─── COLLECTED MATERIAL
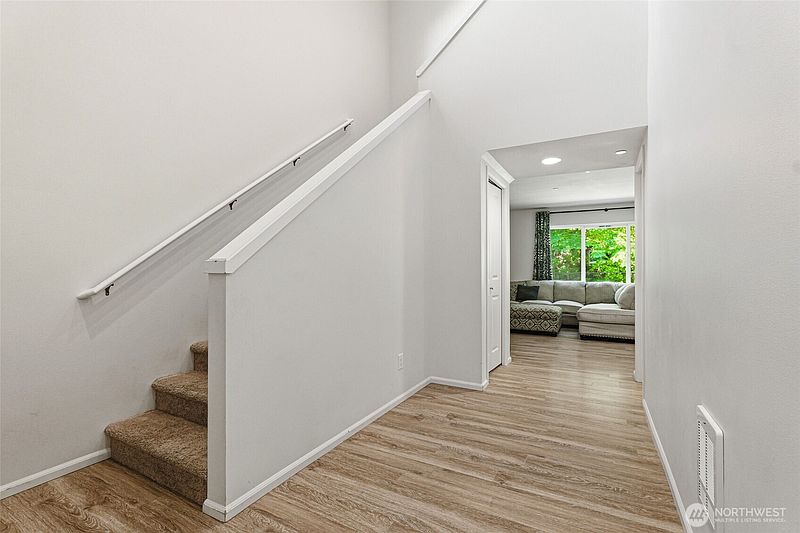 2nd image of 7716 Brianna Court SE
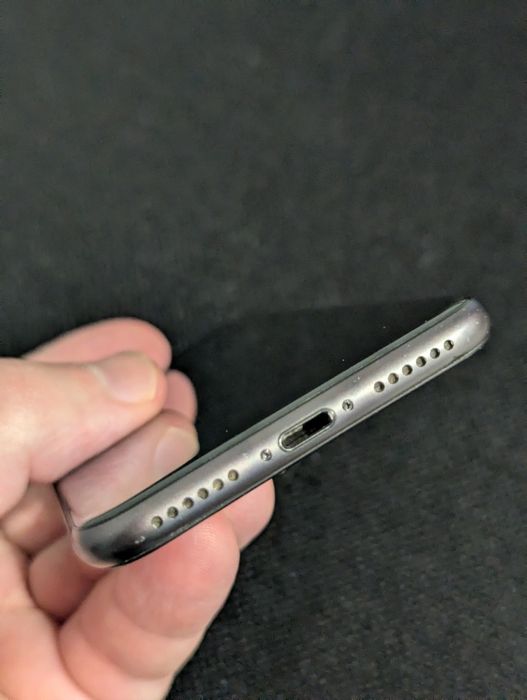 iPhone 8   64 gb  невер.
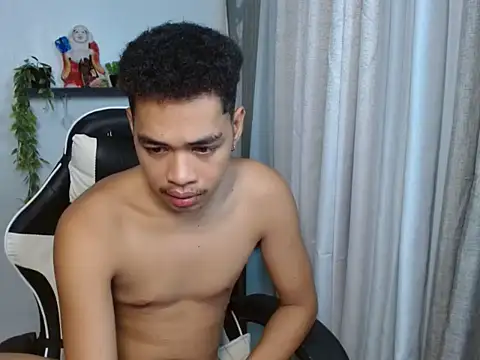 curlyasian_njxx Pertunjukan Webcam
──────
WHAT TO DO: Every line above has to be output exactly; the pictures must be dropped.

RESULT:
 2nd image of 7716 Brianna Court SE
 iPhone 8   64 gb  невер.
 curlyasian_njxx Pertunjukan Webcam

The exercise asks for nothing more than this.